Ministerpräsident Platzeck räumte ein, dass die Landesregierung nicht klar genug formuliert habe, dass der Planfeststellungsbeschluss nichts mit den Flugrouten zu tun habe. Dennoch forderte Platzeck Verständnis. Pfiffe und Buhrufe waren die Antwort. Auch als er die Zeuthener dazu aufrief, gemeinsam an den optimalen Flugrouten zu arbeiten, stieß auf wenig Gegenliebe. Lediglich Platzecks Bekenntnis, dass bei der Festlegung der Flugrouten nach der Sicherheit die Lärmbelastung und nicht die Wirtschaftlichkeit stehen müsse, wurde mit verhaltendem Applaus bedacht.

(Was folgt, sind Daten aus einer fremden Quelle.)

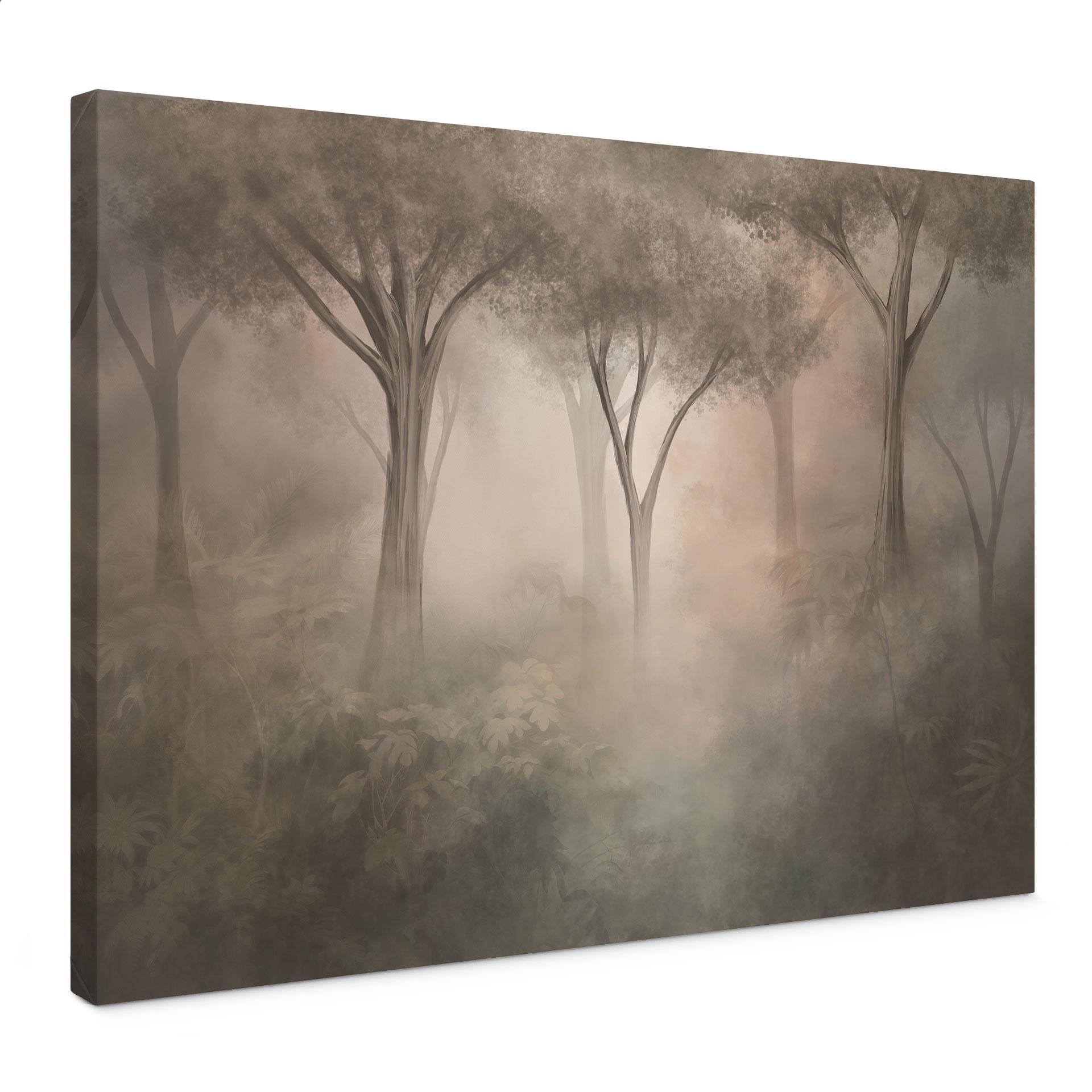 Canvas schilderij Bosmagie in de ochtendnevel Beige - Ms Tiff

Platzeck sagte nicht, dass er als Aufsichtsrat von BBI einen entsprechenden Antrag zu Einschränkung der Wirtschaftlichkeit einbringen werde. Genau das wurde von den Demonstranten aber erwartet. Platzecks Verweis, dass man sich genau anschauen müsse, wo die Maschinen auf der Flugbahn abheben und in welchem Winkel sie dann ihren Flug noch in der Startphase aufnehmen müssten, wurde von der Menschenmenge zurückgewiesen. Sie forderte lautstark einen Baustopp. Und die Mehrheit skandierte das Motto der Demo: „Back to the Routes“ – zurück zu den alten Flugrouten.

MOZ-Text…

Politikversagen vor Gericht

Die Klage der Umlandgemeinden des Flughafens Schönefeld ist notwendig. Natürlich kämpfen sie für die Nachtruhe ihrer Einwohner. Selbstverständlich lehnen sie die schrittweise Aufweichung des Nachtflugverbots ab. Dass der Flughafenbetreiber auf der anderen Seite alles dafür tut, trotz der falschen Standortentscheidung dieses Verbot zu kippen, ist auch logisch. BBI soll ja ein wirtschaftlicher Erfolg werden.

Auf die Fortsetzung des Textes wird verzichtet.